*Exercise data*:

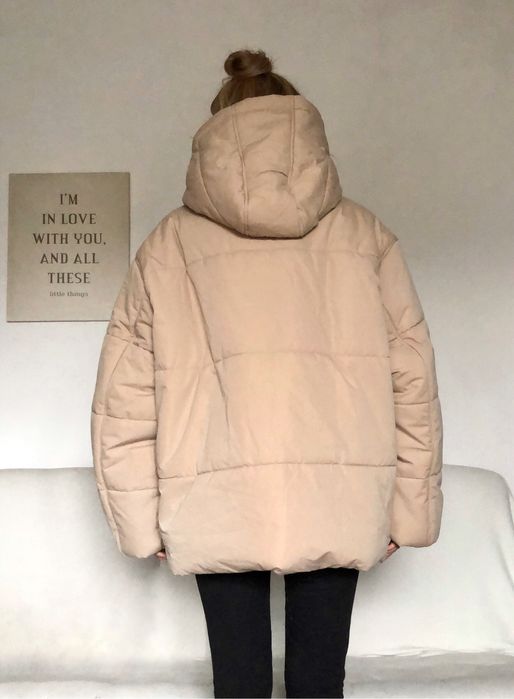 Beżowa kurtka puchowa z kapturem Asos Design 44 XXL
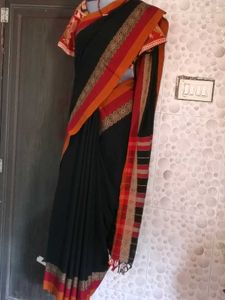 GentlyUsedElegantKhadiCottonSaree-StichedBl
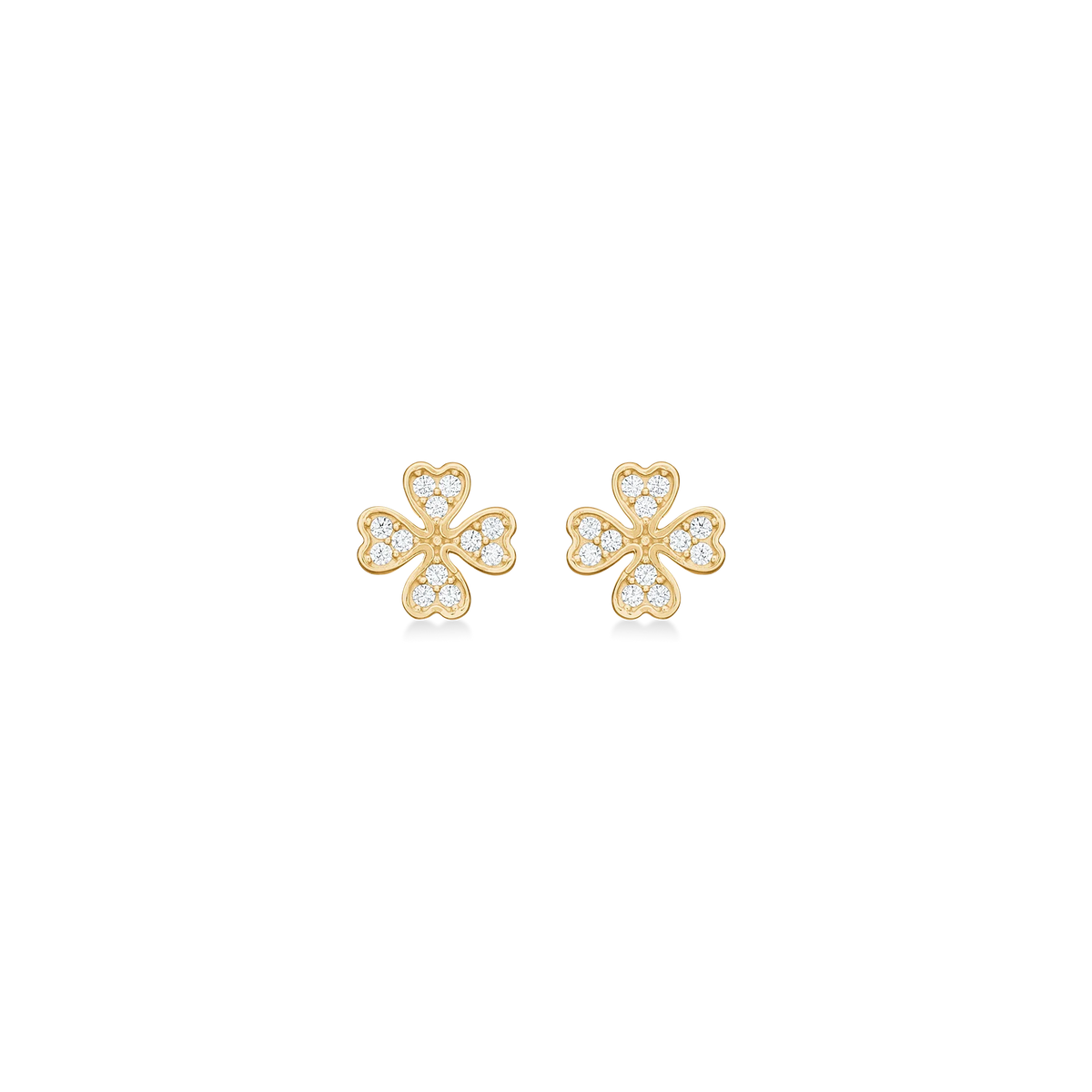 Mads Z Petite Clover gold earrings with zirconia, four-leaf clover design, Model 3317014-1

*Your assignment*:
Where a picture appears in the listing above, skip it and set down all the rest exactly.

*Task answer*:
 Beżowa kurtka puchowa z kapturem Asos Design 44 XXL
 GentlyUsedElegantKhadiCottonSaree-StichedBl
 Mads Z Petite Clover gold earrings with zirconia, four-leaf clover design, Model 3317014-1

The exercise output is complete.